Recorded data

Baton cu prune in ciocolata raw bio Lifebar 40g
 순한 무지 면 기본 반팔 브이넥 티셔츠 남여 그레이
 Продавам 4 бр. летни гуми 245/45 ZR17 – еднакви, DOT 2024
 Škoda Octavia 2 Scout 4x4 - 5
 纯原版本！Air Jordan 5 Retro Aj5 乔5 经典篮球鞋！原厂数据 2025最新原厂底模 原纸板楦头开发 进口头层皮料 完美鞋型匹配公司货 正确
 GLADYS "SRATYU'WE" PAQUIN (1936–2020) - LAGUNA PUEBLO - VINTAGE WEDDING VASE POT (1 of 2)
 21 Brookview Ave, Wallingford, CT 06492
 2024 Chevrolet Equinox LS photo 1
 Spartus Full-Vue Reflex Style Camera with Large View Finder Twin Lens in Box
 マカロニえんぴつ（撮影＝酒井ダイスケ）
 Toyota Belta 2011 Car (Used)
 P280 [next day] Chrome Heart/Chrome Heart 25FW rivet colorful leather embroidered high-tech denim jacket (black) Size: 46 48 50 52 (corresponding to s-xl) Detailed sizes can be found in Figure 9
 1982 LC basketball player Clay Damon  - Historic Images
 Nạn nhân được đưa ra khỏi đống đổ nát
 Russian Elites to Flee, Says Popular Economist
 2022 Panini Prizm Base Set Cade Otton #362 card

■ EXERCISE DETAILS ■
The answer should hold the lines from the one containing "Russian Elites to" through the end of the entries above, set down exactly, with both ends included.

■ YOUR RESPONSE ■
 Russian Elites to Flee, Says Popular Economist
 2022 Panini Prizm Base Set Cade Otton #362 card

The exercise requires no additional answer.